World
Posted: 4 years ago

The Decoupling of GDP and Energy Growth

It’s long been axiomatic that economic growth and energy demand are linked. As economies grow, energy demand increases; if energy is constrained, GDP growth pulls back in turn. That’s been the case since the dawn of the Industrial Revolution, if not long before.

But past is not always prologue. Mckinsey's global energy perspective—part of a multiyear research effort examining the supply and demand of 55 types of energy across 30 sectors in some 146 countries—suggests that we’re beginning to see a decoupling between the rates of economic growth and energy demand, which in the decades ahead will become even more pronounced.

That’s not because the world will be less “energy hungry.” People will continue to use energy in their daily lives, and happily, in the decades ahead, more people will have access to more modern appliances and on-the-grid housing. Businesses will still need energy to run; economies will require it to grow. Nonetheless, new technologies and larger trends should cause the energy demand curve to flatten.

Indeed, the energy landscape as we know it is poised for foundational change between now and 2050. What does this mean for companies and their leaders? For starters, your core business model may be tested, and new opportunities—and challenges—beyond it will almost certainly arise. Moreover, determining the right path will require companies to adapt both urgently and in measured stages. Navigating the great decoupling will take resilience. Farsighted leaders should start preparing now.

Energy and industrialization: A slow burn

Energy demand has long tracked economic growth. So much so that for the past two centuries, the amounts of energy that economies need have increased virtually in lockstep with the amounts of wealth that economies create. And, to a remarkable degree, wealth creation has depended on a society’s proficiency at burning things.

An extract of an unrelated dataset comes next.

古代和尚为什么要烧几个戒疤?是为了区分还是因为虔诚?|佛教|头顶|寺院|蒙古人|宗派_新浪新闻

In 1800, the fuel of choice was biomass, such as wood from fallen trees. Even during the latter half of the 19th century, after the United States and parts of Europe had begun to industrialize, many economies ran primarily on biomass. Biomass was highly inefficient as fuel, as almost all of its embodied energy was lost in its burning. Still, before widespread industrialization, the conversion loss was bearable; generally, there was enough wood to burn to make economies grow. The resulting wealth creation wasn’t enormous, but it was pointing up. Primary energy demand (the demand for energy in its raw form, before it has been converted to secondary energy such as electricity or district heating) pointed up as well, growing at about 1 percent per year from 1850 to 1900.

Then, at the turn of the 20th century, rates of both energy demand and economic growth took off. From 1900 to 1950—as horses gave way to cars, oil lamps to electric lighting, and ice boxes to refrigerators—primary energy demand nearly doubled. Economic growth rates soared as well; in the United States (by far the largest economy in the world), GDP per capita in 1950 was more than twice that of 1900.1 For that level of wealth creation, burning trees and other forms of biomass wouldn’t suffice.

But burning fossil fuels would suffice, and the 20th century’s embrace of petroleum (to accompany coal) sent production and consumption into overdrive. Fossil fuels lose about 40 to 70 percent of their embodied energy when converted into electrical or mechanical energy—a lot, but not when compared with the near-total loss incurred by burning wood. While larger economies need more tons of coal and barrels of petroleum to grow faster, the burning goes a longer way (Exhibit 1).

Over the second half of the 20th century, with living standards in the West and other advanced economies rising, the growth in energy demand accelerated even more. Those dynamics have continued into this century, as China has helped power global GDP to a median rise of 3.7 percent per year since 2000, with global energy demand continuing to rise as well. And 21st-century economies will continue their ascent. The world population will continue to grow, potentially reaching ten billion by midcentury; the plateauing of Chinese and Organisation for Economic Co-operation and Development (OECD) populations will be more than offset by significant increases in India, other parts of Asia, and, especially, Africa, where more than 50 percent of the world’s projected population increases will occur through 2050.